### PROBLEM REQUIREMENTS
Every entry below should be restated word for word, except for its images.

### Data extracted from a collection
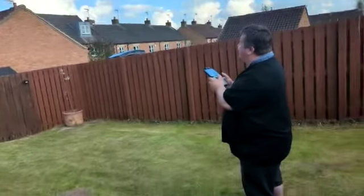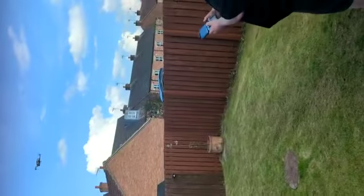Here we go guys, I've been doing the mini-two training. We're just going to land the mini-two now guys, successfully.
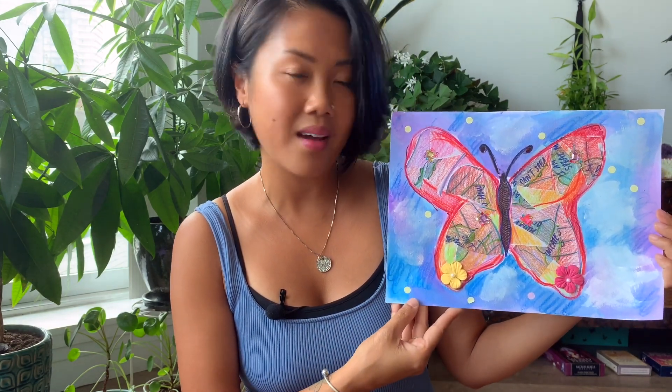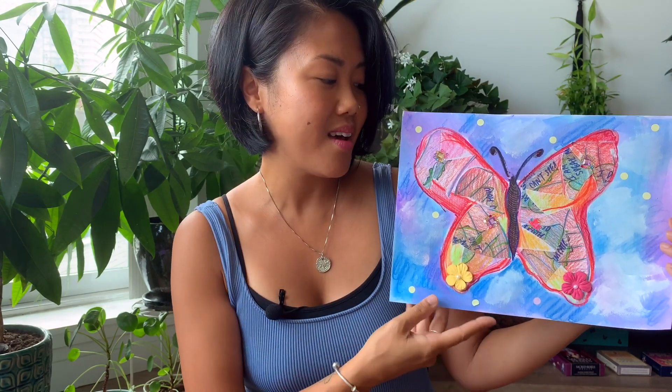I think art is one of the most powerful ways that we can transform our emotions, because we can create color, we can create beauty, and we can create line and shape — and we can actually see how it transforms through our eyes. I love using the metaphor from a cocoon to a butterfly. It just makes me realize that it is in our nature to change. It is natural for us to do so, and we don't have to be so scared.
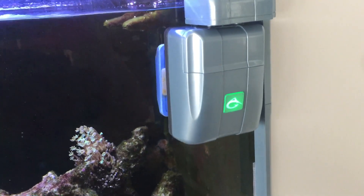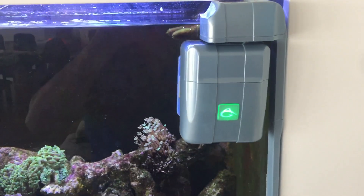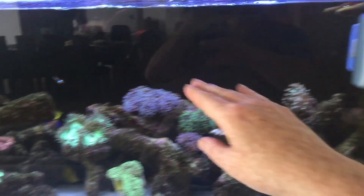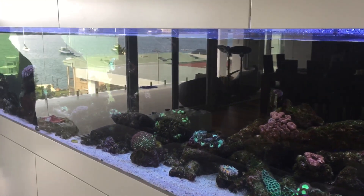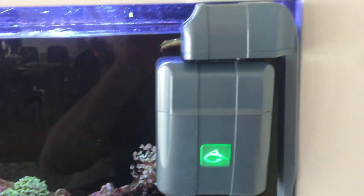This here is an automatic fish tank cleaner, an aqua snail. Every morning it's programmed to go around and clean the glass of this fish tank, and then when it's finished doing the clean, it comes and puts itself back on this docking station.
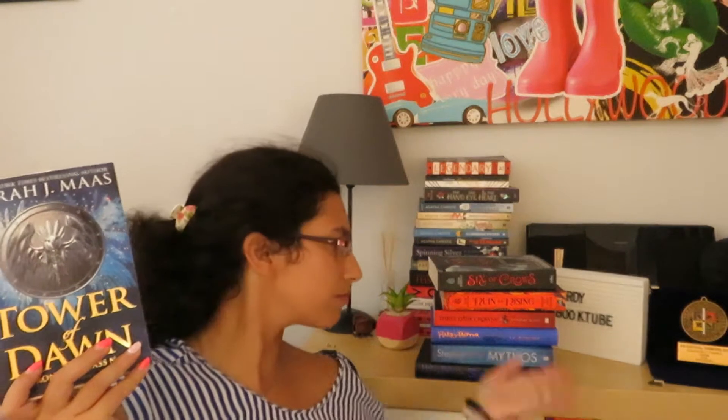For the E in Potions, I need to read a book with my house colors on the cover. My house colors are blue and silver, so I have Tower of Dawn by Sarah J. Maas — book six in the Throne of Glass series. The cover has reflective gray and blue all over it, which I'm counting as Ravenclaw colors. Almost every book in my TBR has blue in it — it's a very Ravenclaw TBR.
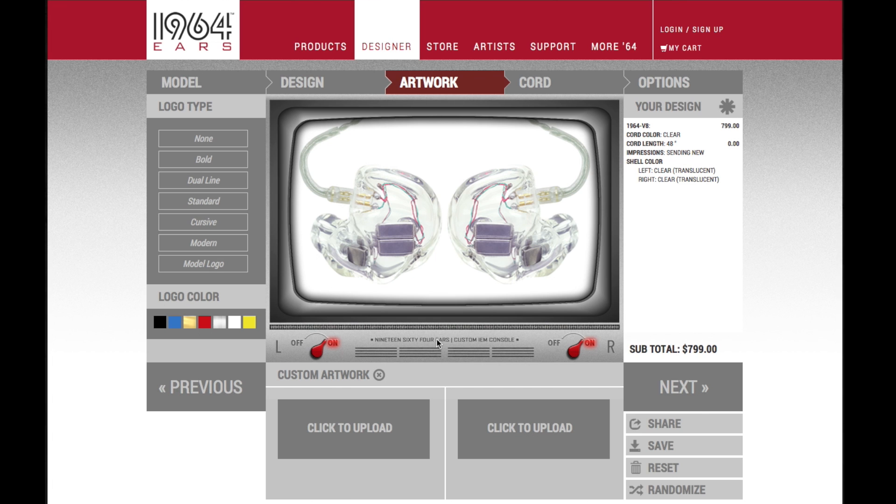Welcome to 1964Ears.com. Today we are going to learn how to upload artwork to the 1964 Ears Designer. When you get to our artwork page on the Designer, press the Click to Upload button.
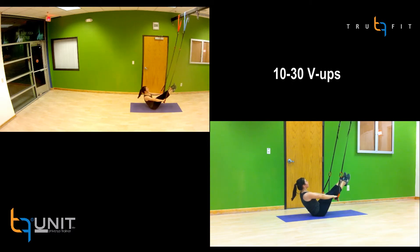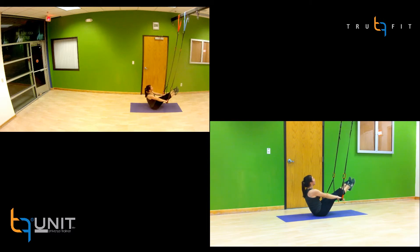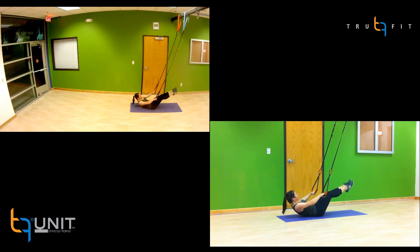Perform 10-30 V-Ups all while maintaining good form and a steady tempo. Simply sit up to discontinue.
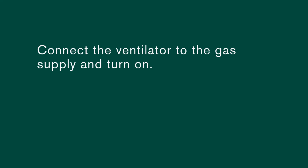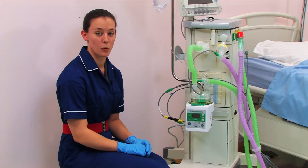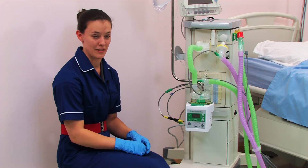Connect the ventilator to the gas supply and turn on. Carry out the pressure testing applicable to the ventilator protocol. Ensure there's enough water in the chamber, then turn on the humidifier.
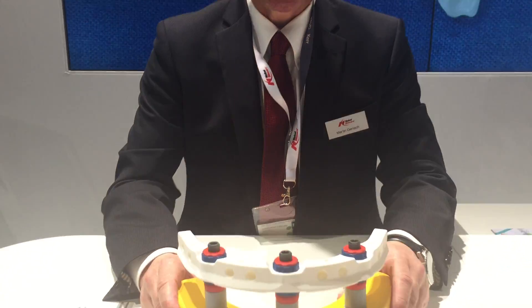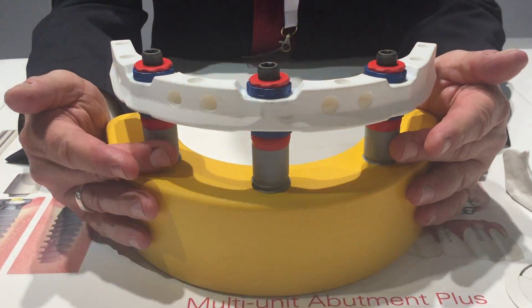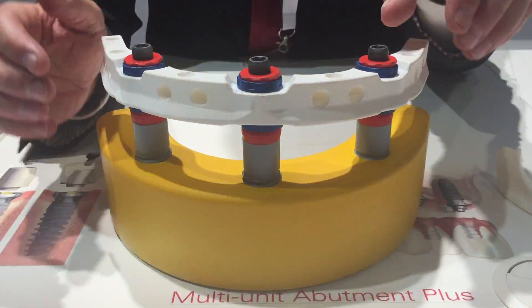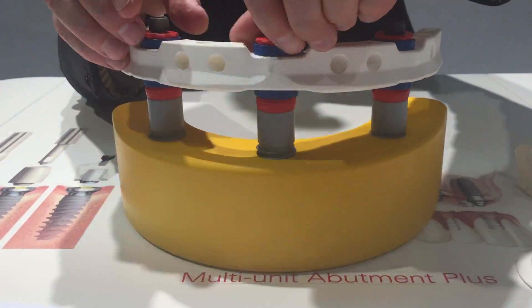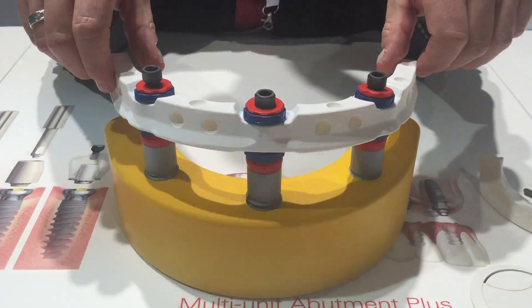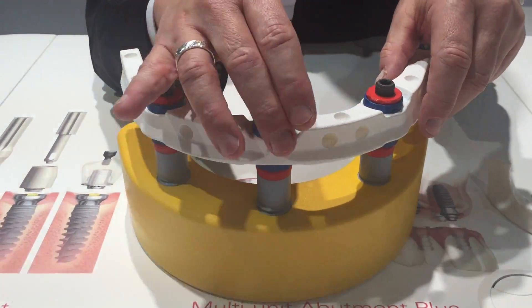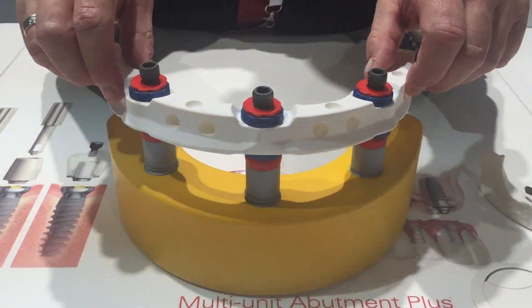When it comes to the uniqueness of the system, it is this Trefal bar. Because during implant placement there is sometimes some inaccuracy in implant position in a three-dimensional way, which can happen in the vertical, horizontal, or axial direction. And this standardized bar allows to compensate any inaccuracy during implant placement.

### THE COMPLETED TASK
Here we go guys, I've been doing the mini-two training. We're just going to land the mini-two now guys, successfully.
I think art is one of the most powerful ways that we can transform our emotions, because we can create color, we can create beauty, and we can create line and shape — and we can actually see how it transforms through our eyes. I love using the metaphor from a cocoon to a butterfly. It just makes me realize that it is in our nature to change. It is natural for us to do so, and we don't have to be so scared.
This here is an automatic fish tank cleaner, an aqua snail. Every morning it's programmed to go around and clean the glass of this fish tank, and then when it's finished doing the clean, it comes and puts itself back on this docking station.
For the E in Potions, I need to read a book with my house colors on the cover. My house colors are blue and silver, so I have Tower of Dawn by Sarah J. Maas — book six in the Throne of Glass series. The cover has reflective gray and blue all over it, which I'm counting as Ravenclaw colors. Almost every book in my TBR has blue in it — it's a very Ravenclaw TBR.
Welcome to 1964Ears.com. Today we are going to learn how to upload artwork to the 1964 Ears Designer. When you get to our artwork page on the Designer, press the Click to Upload button.
Perform 10-30 V-Ups all while maintaining good form and a steady tempo. Simply sit up to discontinue.
Connect the ventilator to the gas supply and turn on. Carry out the pressure testing applicable to the ventilator protocol. Ensure there's enough water in the chamber, then turn on the humidifier.
When it comes to the uniqueness of the system, it is this Trefal bar. Because during implant placement there is sometimes some inaccuracy in implant position in a three-dimensional way, which can happen in the vertical, horizontal, or axial direction. And this standardized bar allows to compensate any inaccuracy during implant placement.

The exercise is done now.